Con la tua partecipazione alle Paralimpiadi di Rio nel 2016 e un nuovo record nei 100 metri farfalla in Giappone nel 2019, la tua è stata una vita agonistica. Come vivi il tuo ritiro?
Sto imparando a riposarmi. Quando gareggiavo, investivo tutte le mie energie nell’allenamento del mattino di modo che, indipendentemente da quanto tempo passassi a riposare il pomeriggio, non mi sentissi in colpa. Adesso non è più così.
Sin da piccola sono stata condizionata dall’idea di dover andare avanti, di continuare a crescere. Quindi anche oggi continuano a frullarmi in testa tanti pensieri su quello che “dovrei” fare. Ma in realtà posso prendermela comoda. Sono davvero stanca. Così, da quando mi sono ritirata, mi sto esercitando nel non fare nulla e riuscire ad accettarlo.
Sei un’atleta paralimpica in vista e molte persone sono rimaste colpite dalle tue affermazioni sul pregiudizio sociale e sulla discriminazione.
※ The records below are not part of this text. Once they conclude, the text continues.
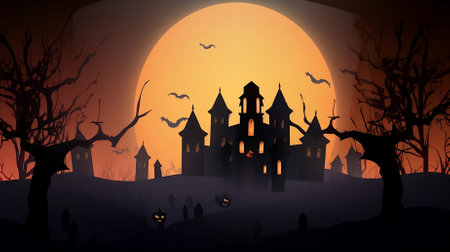 spooky halloween landscape with full moon in orange colorの素材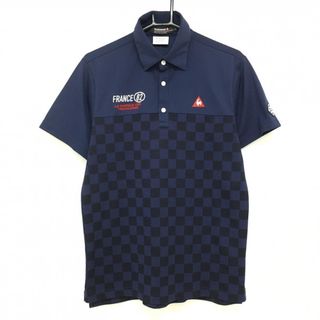 【美品】ルコックゴルフ 半袖ポロシャツ ネイビー×黒 胸下ブロックチェック シリコンワッペン メンズ L ゴルフウェア le coq sportif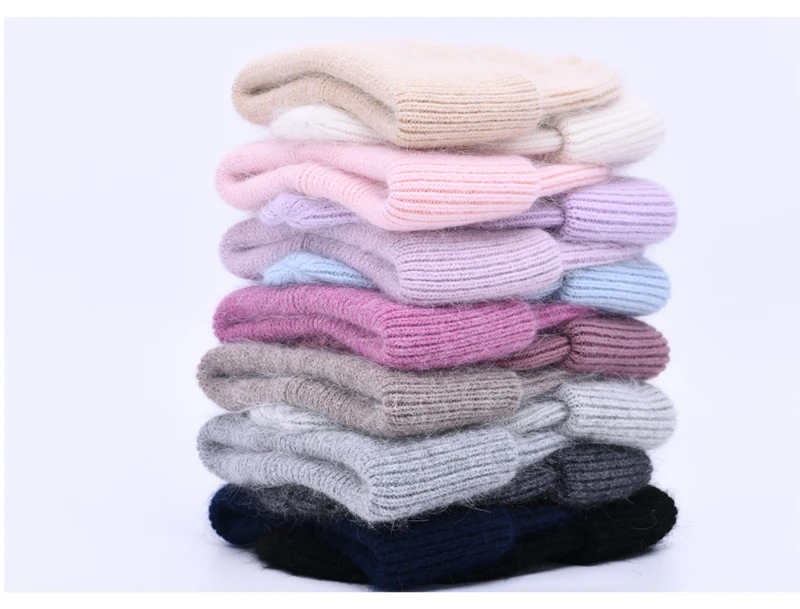 Casual Winter Hat for Women Real Rabbit Fur Beanie Ladies Fall Cashmere Hats Three Fold Thick Knitted Girls Skullies Beanies Cap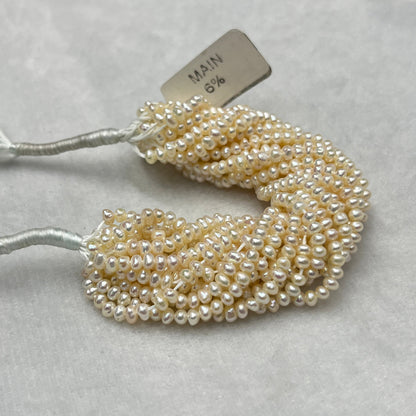 Fresh Water Pearl, Cream Color, Flat Shape 3 MM Size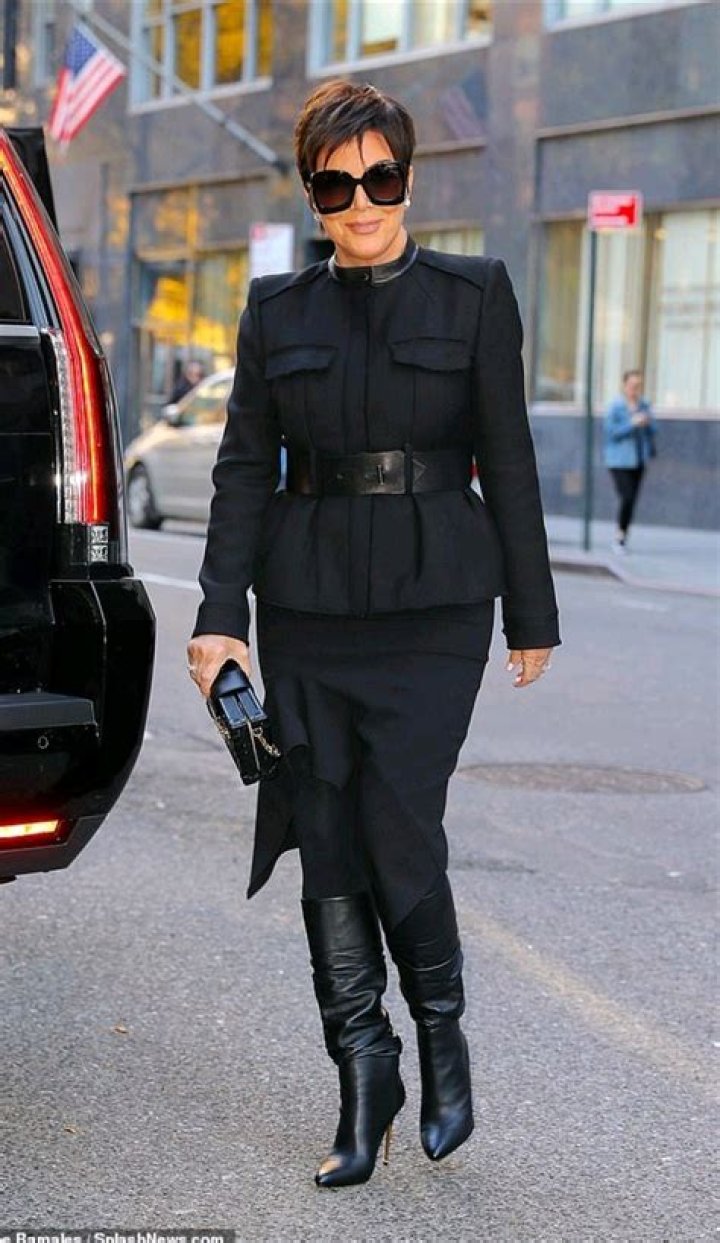 Kris Jenner in a black swimsuit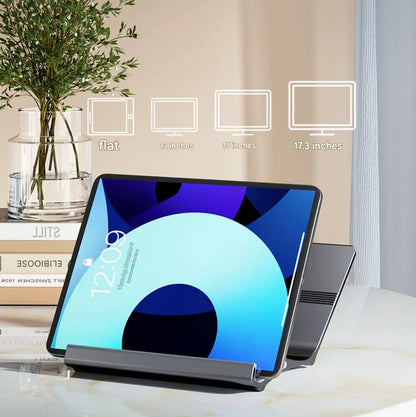 Multi-Position 4 Slot Vertical Laptop Stand, Aluminum Adjustable Dock For Up To 4 Devices, Laptop – Tablet – Phone Universal Holder, 0.5 To 1.5 Inch Thickness Hold, Anti Scratch Silicone Stable Base | Grey ~ N96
Come pensi che stia cambiando la discriminazione nei confronti delle persone con disabilità in Giappone?
Sono tornata in Giappone da poco, per cui non posso dire molto al riguardo, ma penso che siano migliorate molte cose. Con le Paralimpiadi di Tokyo del 2021, gli atleti paralimpici hanno ricevuto più attenzione mediatica. Gli atleti sono stati sponsorizzati e la consapevolezza nei loro confronti è aumentata in maniera significativa. Ho anche sentito dire dai miei colleghi che sono diminuiti i costi vivi nei tour e nei campionati.
Cosa intendi per “costi vivi”?
Quando gli atleti paralimpici partecipano ai tornei, vengono sottoposti a una “classificazione para-atletica” che distingue vari livelli di abilità fisica. Per esempio, ti misurano la lunghezza del braccio che usi per gareggiare. Quando ho iniziato a nuotare, stare via una settimana mi costava 400.000 yen (circa 3.000 €). In più, dovevo sostenere costi di circa 250.000 yen (quasi 2.000 €) per partecipare ai campionati giapponesi. Molti atleti paralimpici non possono permettersi di continuare a fare sport, ma la situazione sta pian piano migliorando.
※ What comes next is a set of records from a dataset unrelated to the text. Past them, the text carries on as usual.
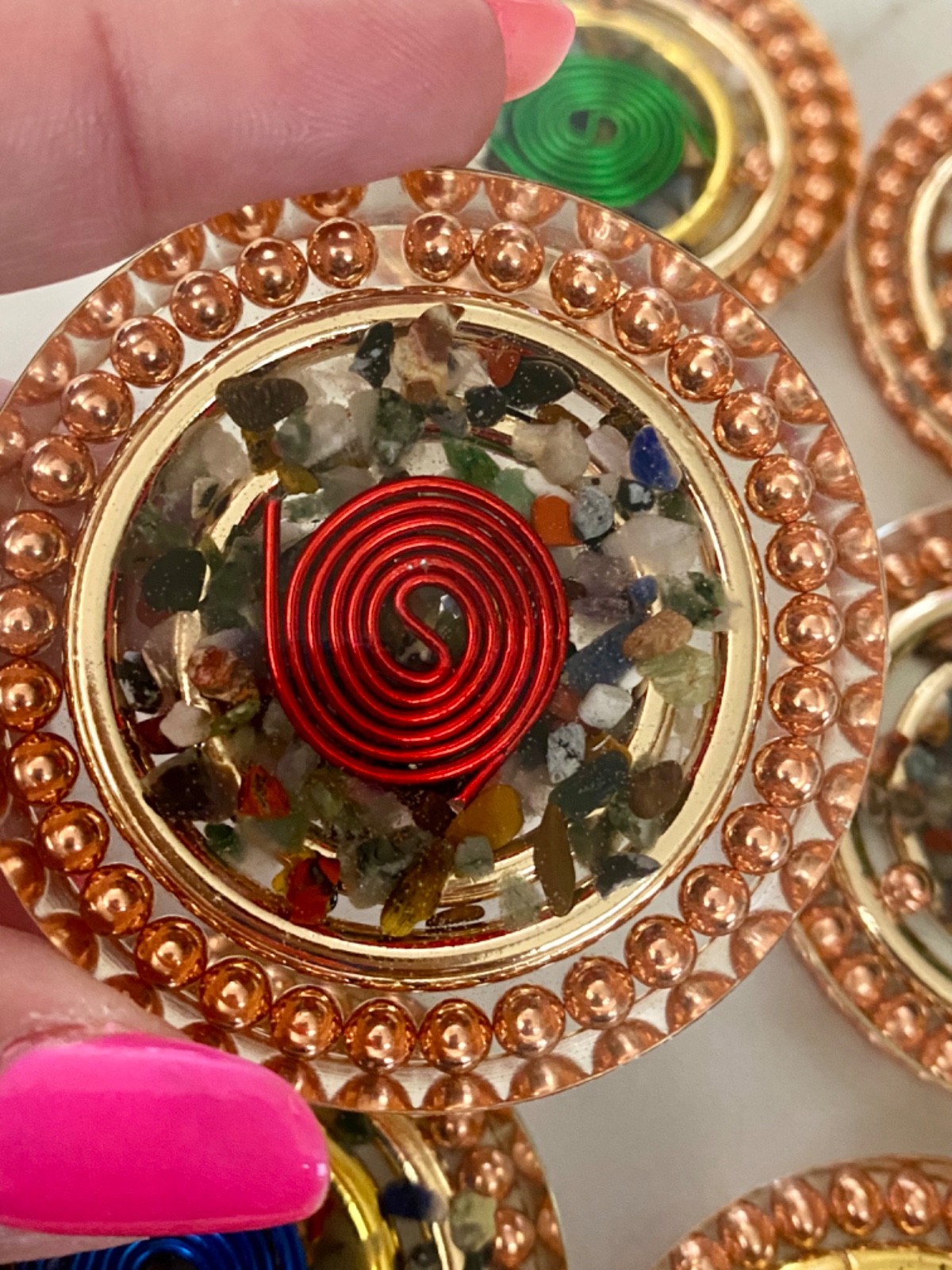 Pocket OG ORGONITE made of COPPER, METAL, QUARTZ CRYSTALS and RESIN Handmade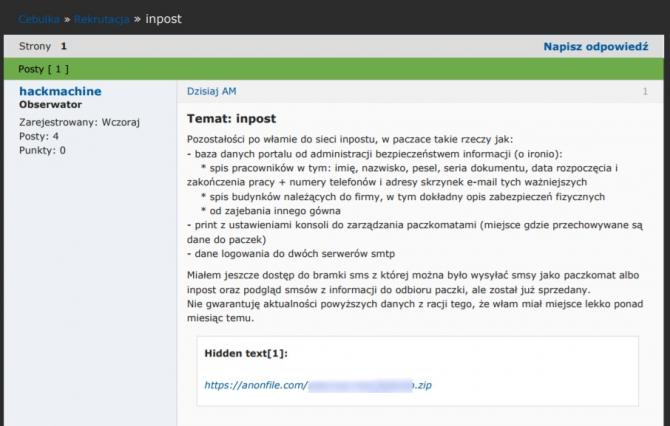 Dotkliwy atak na InPost - wyciek danych ponad 50 tys. osób [2]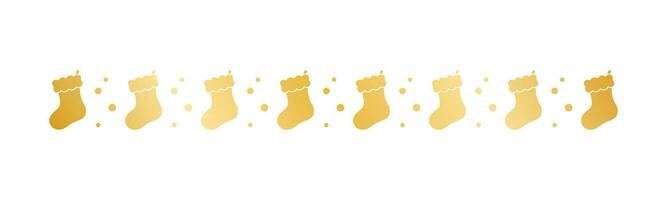 Gold Christmas themed decorative border and text divider, Christmas Stocking Pattern Silhouette. Vector Illustration.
Anche oggi gli atleti paralimpici sono discriminati?
In alcuni casi, ai bambini con disabilità viene ancora negata la possibilità di accedere alle scuole di nuoto. Anche a me era successo quando ho iniziato ad allenarmi per le Paralimpiadi. È una vergogna che nulla sia cambiato.
Non importa quanto gli atleti paralimpici si impegnino o catturino l'attenzione mediatica, la prossima generazione di atleti non riuscirà a farsi notare se la situazione non cambierà. Ho cercato di raggiungere le masse sforzandomi di stabilire un nuovo livello nella mia disciplina e facendomi vedere dai media. L’ho fatto per cambiare il modo in cui le persone percepiscono i disabili ed eliminare ogni forma di discriminazione. Se non ottieni dei risultati o non raggiungi la popolarità, nessuno ti ascolterà.
Eppure, anche se un atleta diventa famosa, è comunque molto probabile che al momento del ritiro la sua voce non venga più ascoltata. Credo che la prossima domanda da porci sia questa: come promuoviamo cambiamenti sistemici che siano davvero sostenibili?
Mei Ichinose
Nata nel 1997 a Kyoto (Giappone) con un handicap congenito alla parte inferiore del braccio destro, Mei ha iniziato a nuotare quando aveva un anno e mezzo. Nel 2010, a soli 13 anni, è diventata la più giovane atleta della storia a partecipare al Campionato asiatico, aggiudicandosi la medaglia d'argento nei 50 metri stile libero (classificazione paralimpica S9). Mei ha gareggiato in otto eventi ai Giochi paralimpici di Rio de Janeiro del 2016 e attualmente detiene il record giapponese per sette eventi. Ha lasciato la competizione attiva nell'ottobre del 2021 e da allora si impegna nella lotta contro la discriminazione delle persone portatrici di handicap.